Critique de Aliocha Wald Lasowski pour le Magazine Littéraire
Comment l'émotion, le corps, le toucher sont-ils vécus par ceux qui font profession d'abstracteurs ? s'interroge le philosophe François Noudelmann. Comment sont-ils affectés par la pratique musicale, dans cette « subjectivation où se jouent les réglages et les déréglages d'une relation au réel » ? Une activité révélatrice qui met en jeu, explique l'auteur, un autre langage, l'imaginaire des affects, de nouvelles formes de temporalités. À travers ces vibrations de pensées, de rêves et de désirs, le piano favorise l'émergence d'un style. Comment développer la question du toucher quand le piano la met à l'épreuve ? Amuseur et déchiffreur, le toucher de Sartre oscille entre le raffinement et la gaucherie. S'il commente Xenakis, il adore jouer chez sa fille les Préludes de Chopin. Mais c'est un air de jazz, Some of These Days, qui sublime le désenchantement de Roquentin englué dans le monde.

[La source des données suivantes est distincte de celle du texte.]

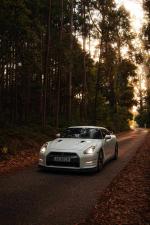 nissan-gt-r-3-8-v6-awd-2014-gasolina-3799cc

Philosophe-artiste, Nietzsche pleure d'émotion en jouant des mazurkas. Le morceau de Chopin qu'il préfère est la Barcarolle en fa dièse majeur, qui reproduit le balancement des barques vénitiennes. L'Italie lui est rendue. Voici ses antidotes : l'opéra de Carmen, l'amour de Lou Salomé, l'écriture de Zarathoustra, quand le chant du bel canto crée un autre rapport à la terre et au monde, dans la limpidezza de l'air méditerranéen. Noudelmann montre comment la musique commande ces métamorphoses : Nietzsche qui marche, compose, désire, s'exalte, écrit, possédé par une extrême sensibilité musicale dont le piano constitue le marteau-diapason.
Passionné de Schumann, Barthes trouve dans la musique la suspension de tous les pouvoirs. La pratique du piano est un ethos, le style de vie d'une subjectivité mouvante. Gaucher, Barthes interprète Schumann en opposant à la maîtrise technique le fragmentaire, le caprice. Avec, toujours, le rapport amoureux à ce qui est perdu.
Dans cet engagement décollé du politique et du discours théorique, se construisent des pulsations, des tempos et des frappes inédits. Une disponibilité imprévue de la peau, des nerfs, des humeurs. Leur rapport à la musique découvre l'autre visage de ces écrivains penseurs : « L'unité du moi est une construction qui masque des dissonances et des rythmes intimes avec lesquels nous ne cessons de composer », écrit à merveille Noudelmann. À les suivre au piano, il nous fait découvrir la part de scrupule et d'invention, de contrainte et de fuite qui est en chacun de nous.